Provided material:

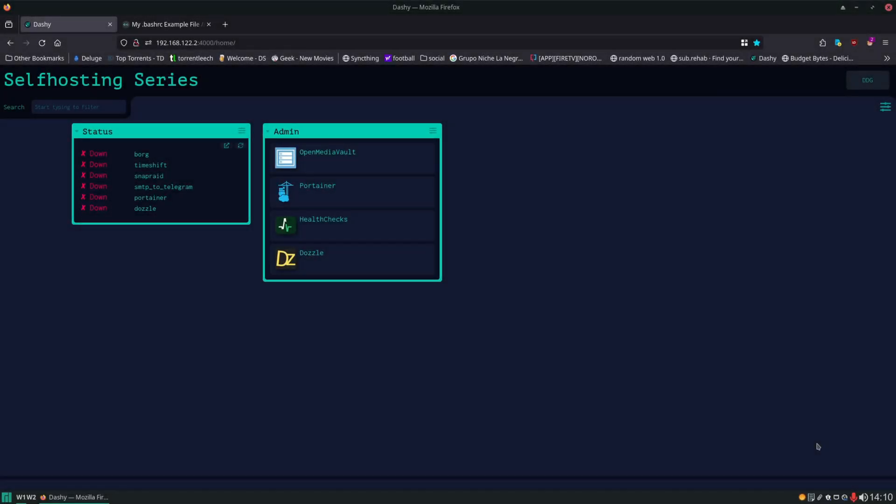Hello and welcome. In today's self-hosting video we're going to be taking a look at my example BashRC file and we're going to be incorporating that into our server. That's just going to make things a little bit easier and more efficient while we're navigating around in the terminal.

---

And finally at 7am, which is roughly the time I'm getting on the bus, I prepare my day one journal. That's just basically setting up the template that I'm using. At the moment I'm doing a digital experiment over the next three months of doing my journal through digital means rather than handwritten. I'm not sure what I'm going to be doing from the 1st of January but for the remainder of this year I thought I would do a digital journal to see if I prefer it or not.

...

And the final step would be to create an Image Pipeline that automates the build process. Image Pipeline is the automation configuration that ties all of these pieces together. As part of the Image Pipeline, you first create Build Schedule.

Instructions for the task:
What is needed here is how many lines of the entries contain "would"; give that number alone.

Answer to this exercise:
2